The surreal, molten metal sculptures by Ibram Lassaw, spanning from 1950 through 1985, are intended to draw the viewer through and within. On the walls is a selection of modernist paintings, watercolors, collages, and drawings by other mid-century artists including Robert Motherwell, Stuart Davis, Mercedes Matter, Anna Walinska, Richard Serra, Willem de Kooning, Perle Fine, Louise Nevelson, Jimmy Ernst, Mary Abbott, and Hans Hofmann.
Highlights from the paintings portion are a 1979 oil sketch “Drunk With Turpentine” by Robert Motherwell, the final study for his finished painting “White Sanctuary” (1981). Similarly included amongst three Stuart Davis drawings is a sketch for his painting “Flags” (1931). The New York modernist Anna Walinska is represented by a black and white oil painting, “Tokyo Landscape” (1957), and a Shan paper collage “Figures” (1961). Canadian Jean-Paul Riopelle’s colorful expressionist “Landscape” (c. 1958) is another feature.
Ibram Lassaw is represented by seven unique sculptures. He was among the earliest American sculptors to work in abstraction, beginning in 1933. A charter member of the Clay Club in 1934 (now SculptureCenter) and American Abstract Artists in 1937, he presented work at both annuals. Further exhibitions were held at the Whitney Museum of American Art (1951) and at Kootz Gallery, New York (1952–58). The Museum of Modern Art also included Lassaw in several exhibitions, including the influential Twelve Americans, in 1956. Other institutions that have featured the artist include the Heckscher Museum of Art, Huntington, New York (1973), Guild Hall Museum, East Hampton, New York (1988), and Figge Art Museum, Davenport, Iowa (2023).

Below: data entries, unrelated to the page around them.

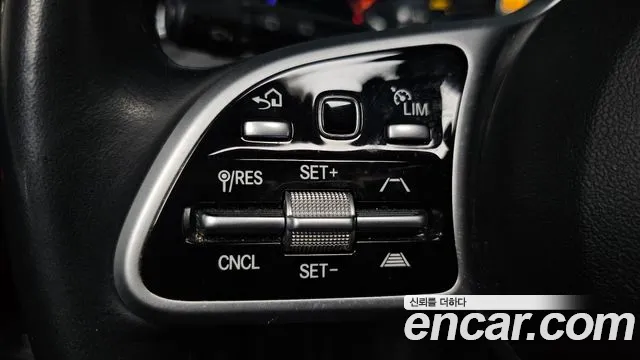 Mercedes-Benz GLB 2021 thumb 8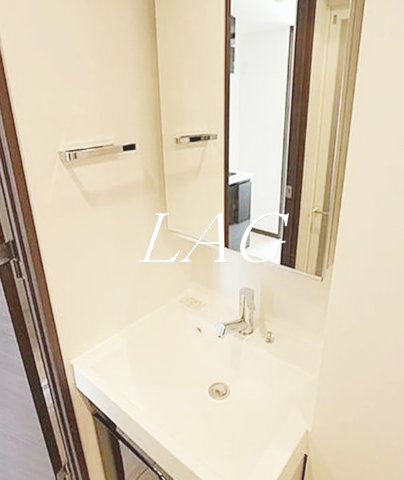 洗面設備　独立洗面台です。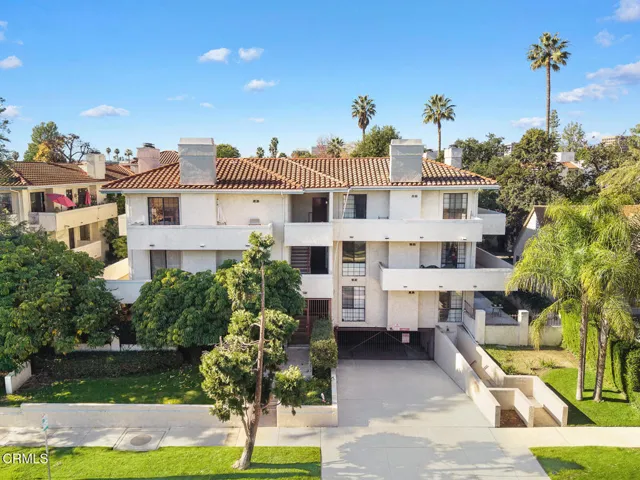 235 S Holliston Avenue, Pasadena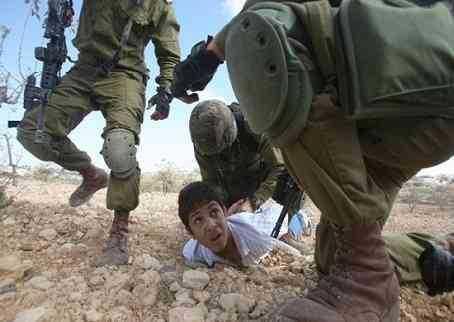 Mai mulți turişti rom&acirc;ni au rămas blocaţi &icirc;n Ierusalim, &icirc;n mijlocul conflictului israeliano-palestinian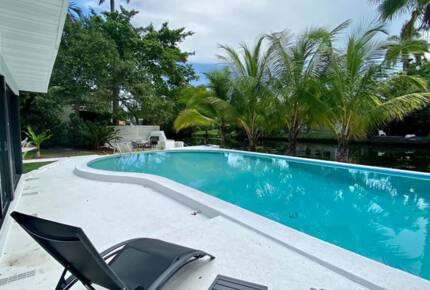Spacious Family Retreat | With Pool, 15 minutes from Miami - El Portal, Florida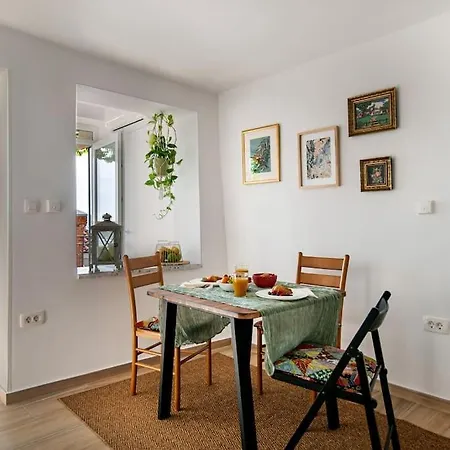 Rosy-terrace/partial Sea View/artistic & Peaceful *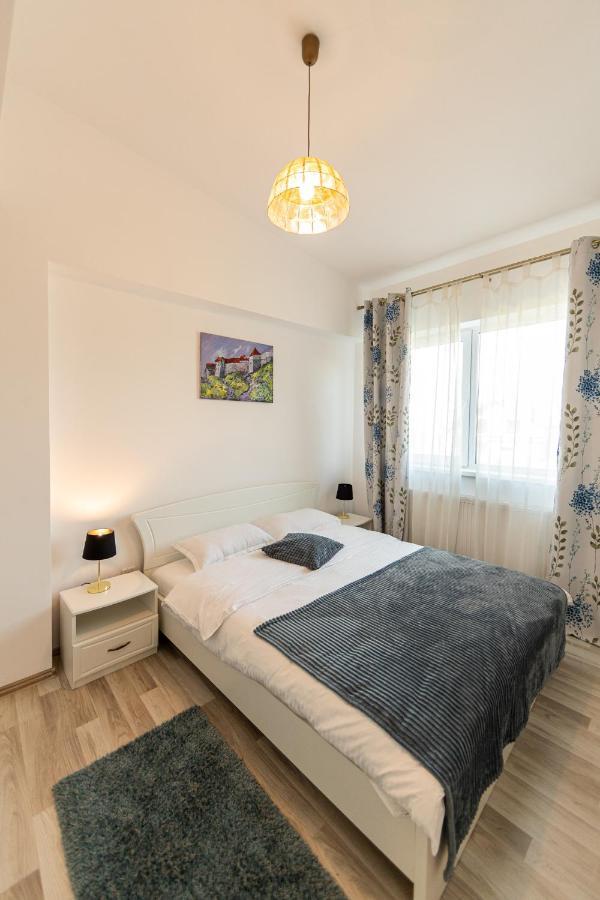 Citadel Apartament'S ริชนอฟ ภายนอก รูปภาพ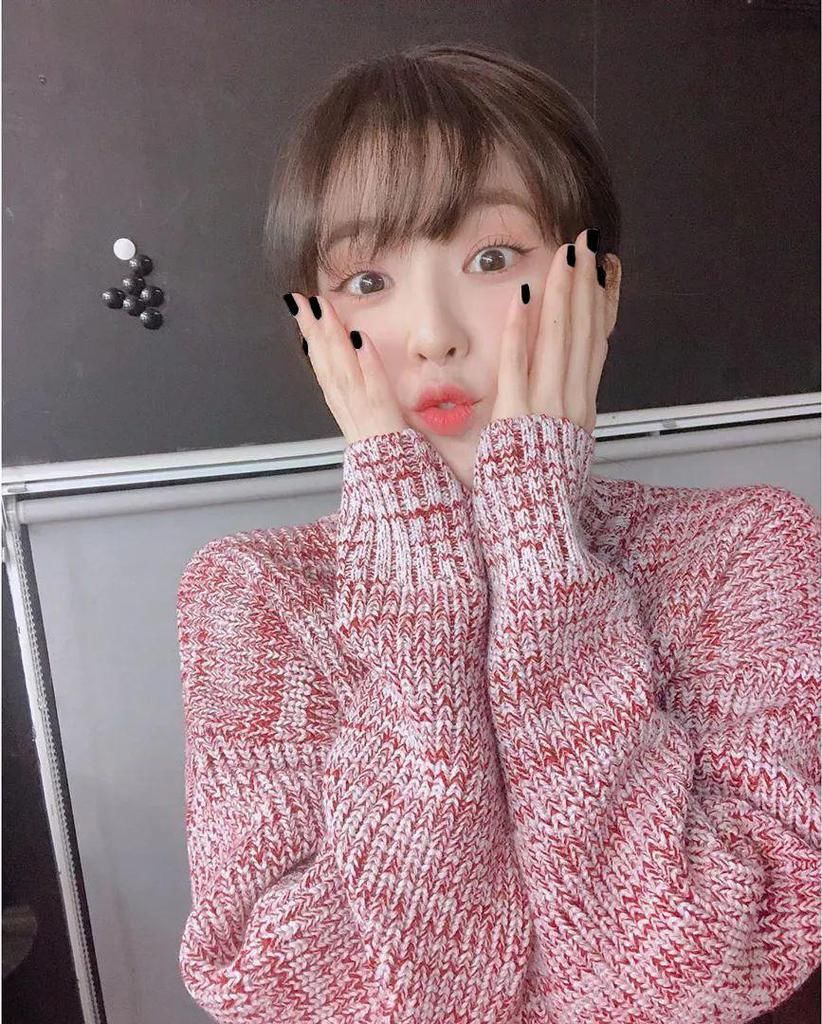 过年该换美甲了，这5个显白又时髦的颜色，手黑的女生别错过！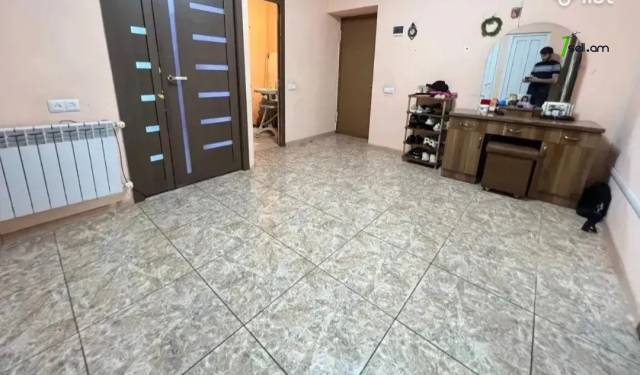 4 սենյականոց բնակարան Գուսան Շերամի փողոցում, 100 քմ, կապիտալ վերանորոգված, քարե շենք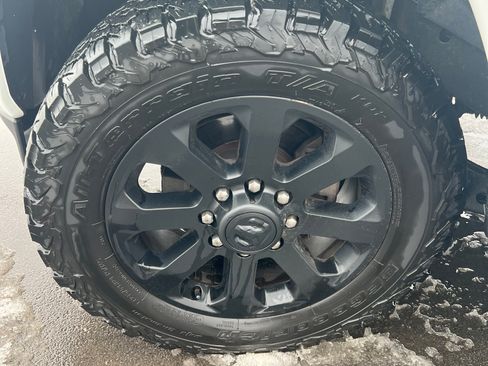 Used 2020 RAM 2500 Big Horn w/ Night Edition image 6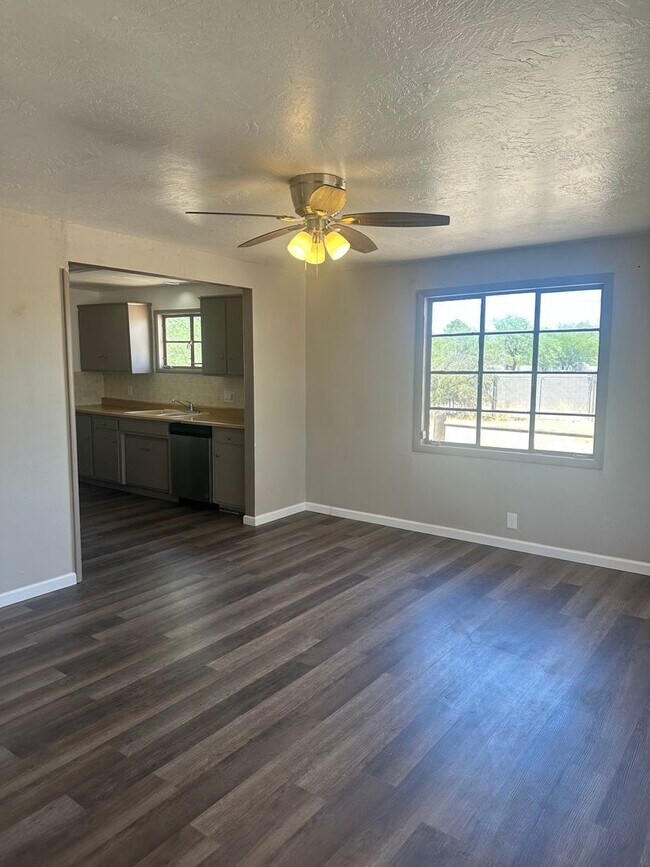 7150 S Hildreth Ave Unidad 7150-HSE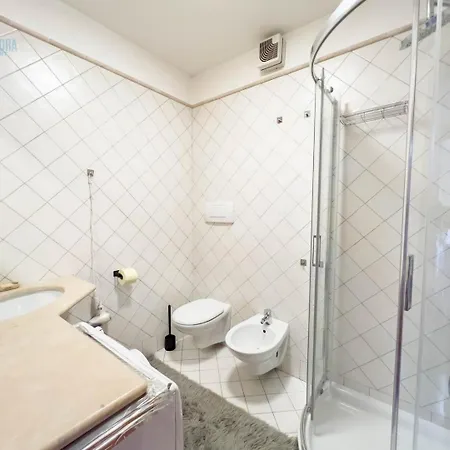 Porto San Rocco 12 Tirabora Short Rent, Con Parcheggio Privato Múggia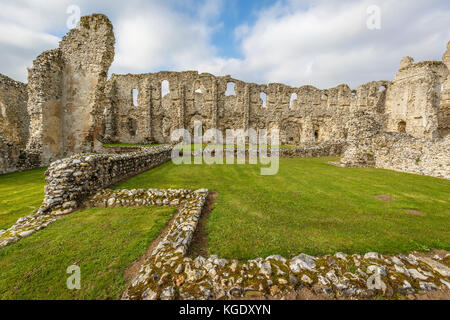 Les ruines du château d'acre prieuré datant de 1090 et à l'accueil l'ordre de moines clunisiens à Norfolk, Angleterre, Royaume-Uni. Banque D'Images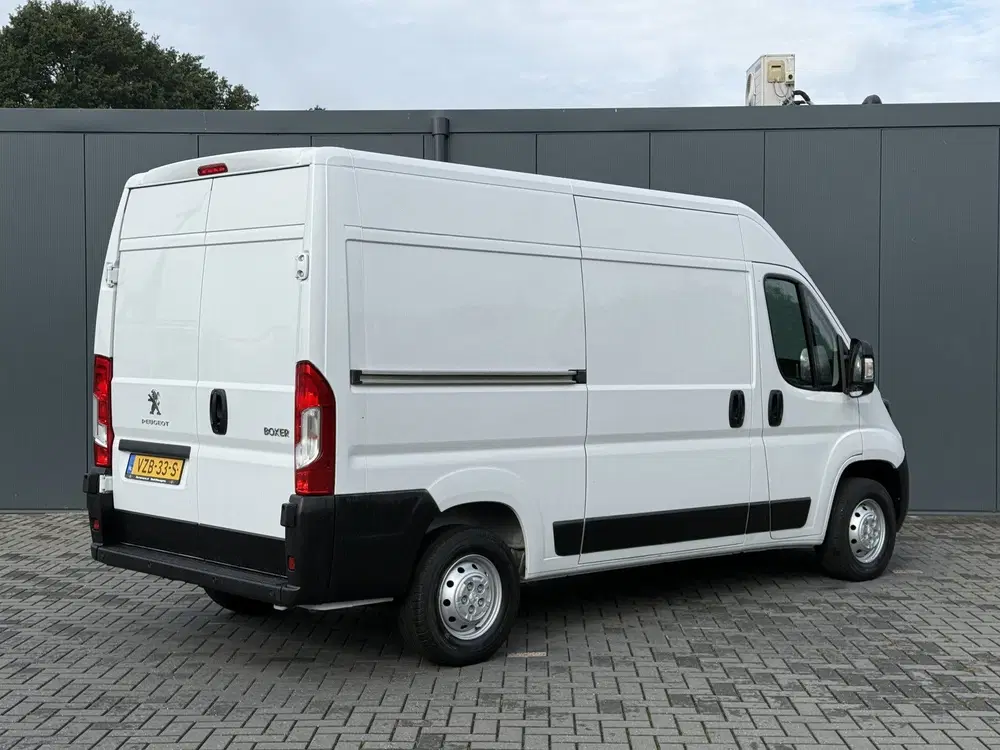 Peugeot Boxer 2.2 BlueHDi 120 PK uit 2023, foto 3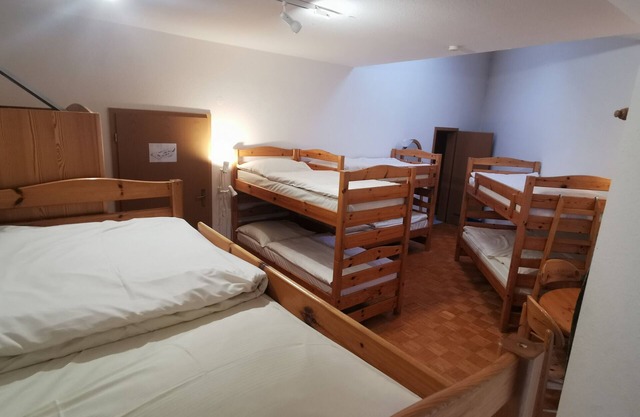 Eight-bed room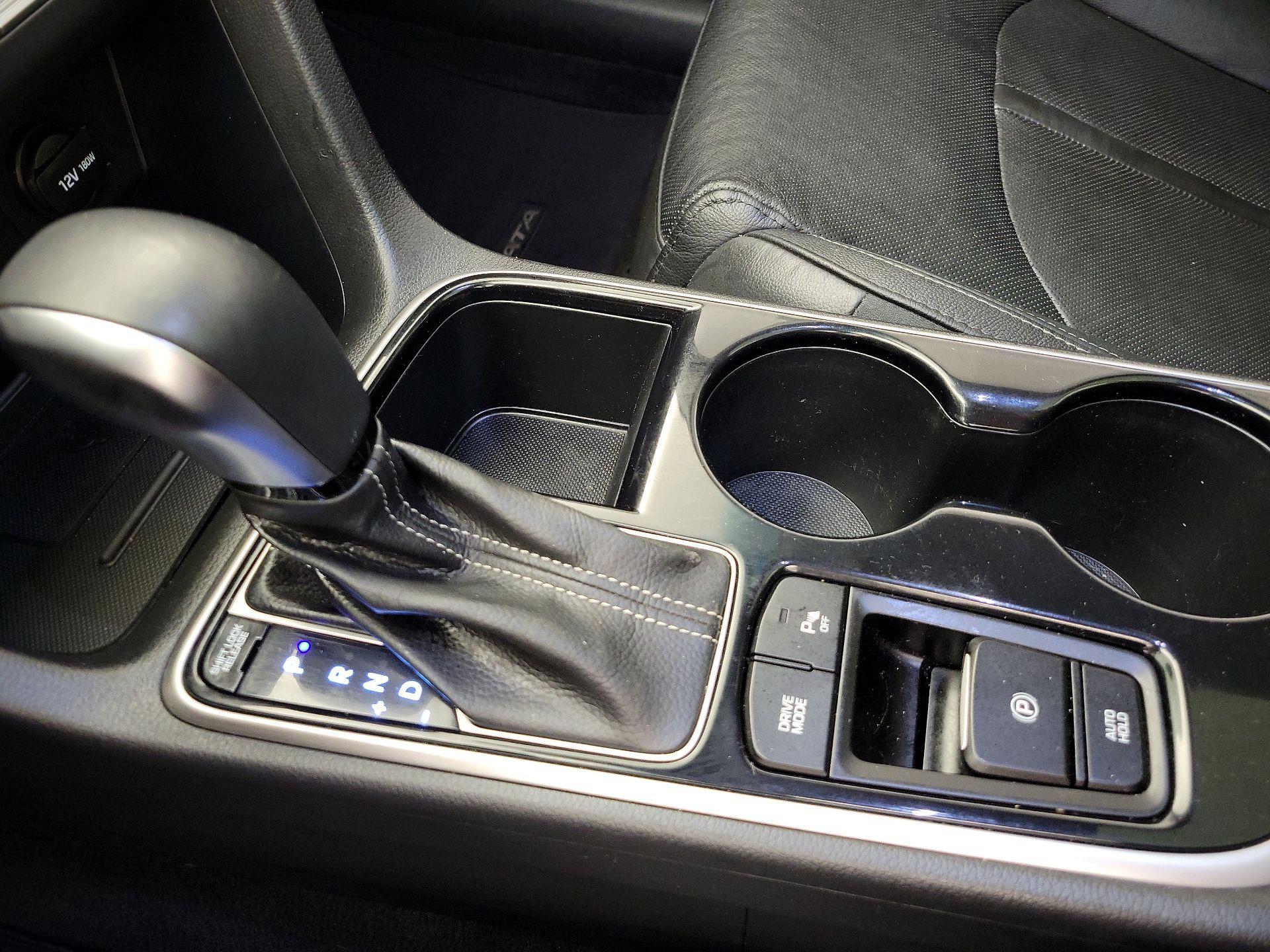 Thumbnail: 2018 Hyundai Sonata - 18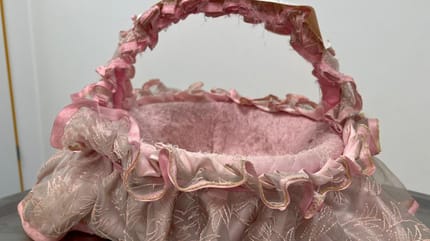 Korb mit rosa Bezug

Throughout his career, Ibram Lassaw made open space a primary material in his art. Working in modes of Surrealism and Abstract Expressionism, molten metal was an ideal medium for the image he sought. In his action sculptures, images are drawn from the metal itself: a wire core overlayed with globs of molten bronze or other alloys. In welding, changing from one alloy to another achieves a variety of surfaces, colors, and textures. The process and materials vary, including brass, nickel-silver, stainless steel, bronze, iron, manganese, silicon, and tin. Color is prized and created by treating the metals with salts, acids, and alkalis, achieving greens, blues, and other colors.